(Given data)

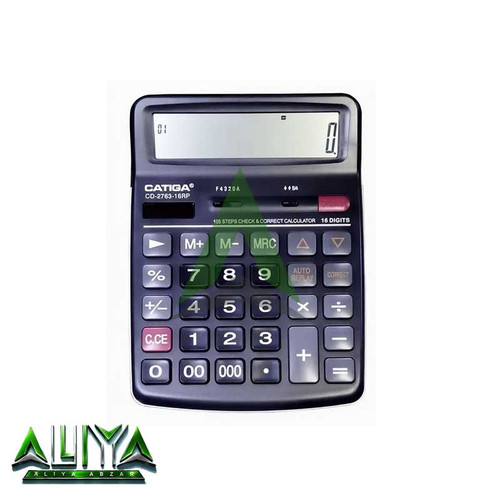 ماشین حساب 16 رقمی کاتیگا مدل CATIGA CD -2763-16RP
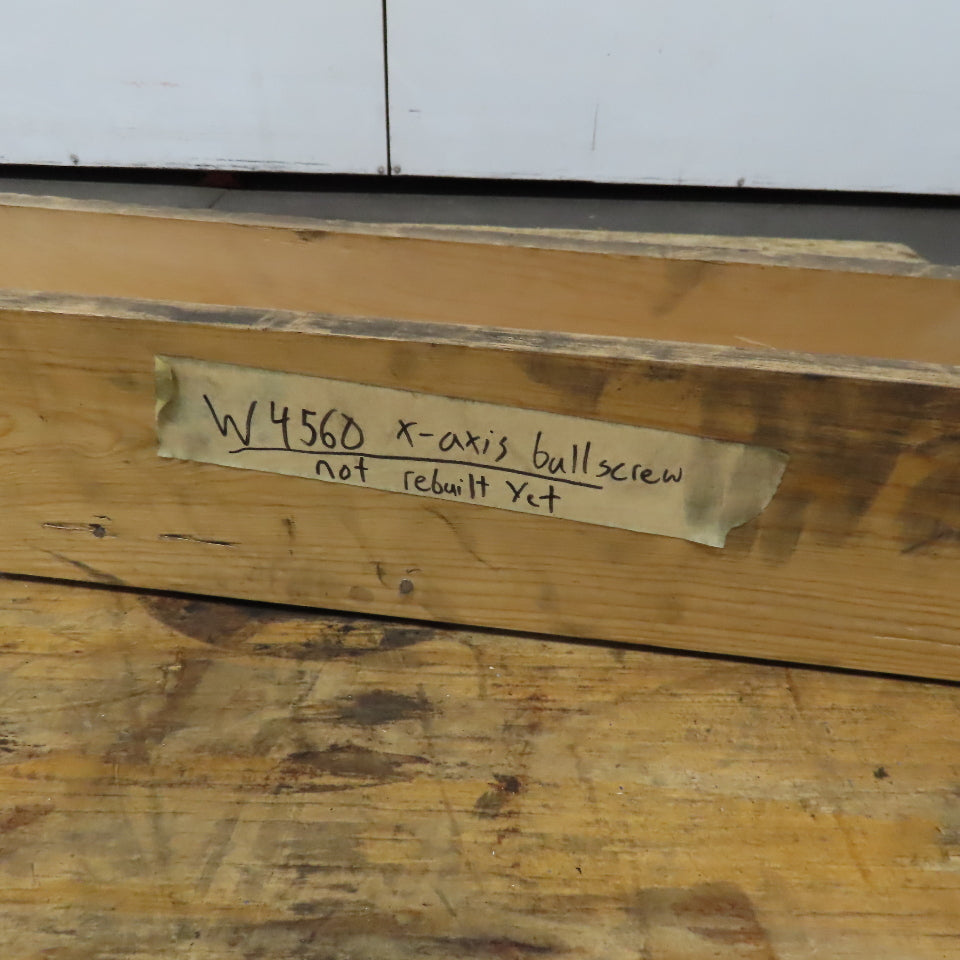 X Axis Ball Screw 1-1/2" Single Start 1" Pitch 84" Screw Length Wiedemann W4560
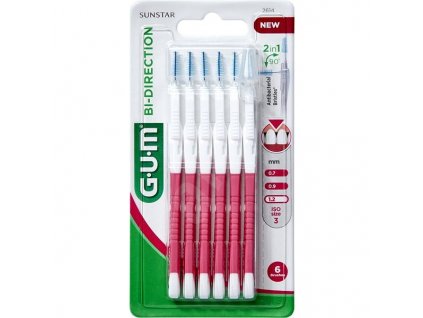 GUM BI-Direction mezizubní kartáčky 1,2 mm 6 ks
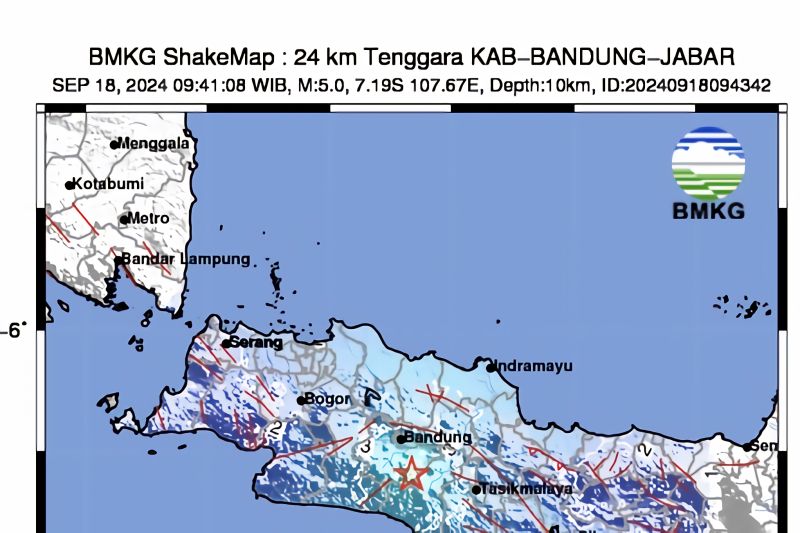 BPBD Kabupaten Bandung terjunkan personel cek kerusakan dampak gempa M5. 0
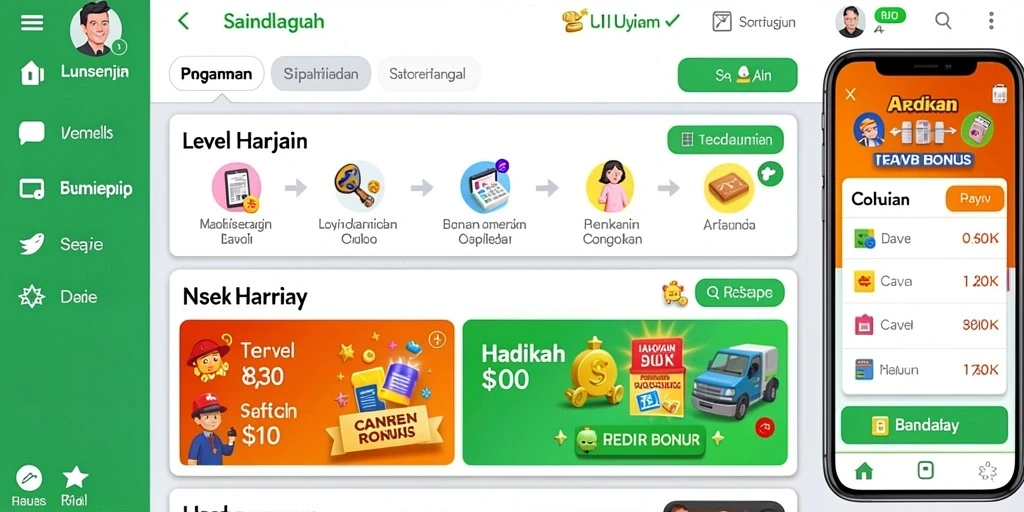Antarmuka pengguna aplikasi PARTAITOGEL yang menarik dan intuitif.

(End Given data)

Make an exact copy of the lines of the records from the line containing "GUM BI-Direction mezizubní" through the final line, both ends included, but not of the pictures.

§ **Completed task**
 GUM BI-Direction mezizubní kartáčky 1,2 mm 6 ks
 BPBD Kabupaten Bandung terjunkan personel cek kerusakan dampak gempa M5. 0
Antarmuka pengguna aplikasi PARTAITOGEL yang menarik dan intuitif.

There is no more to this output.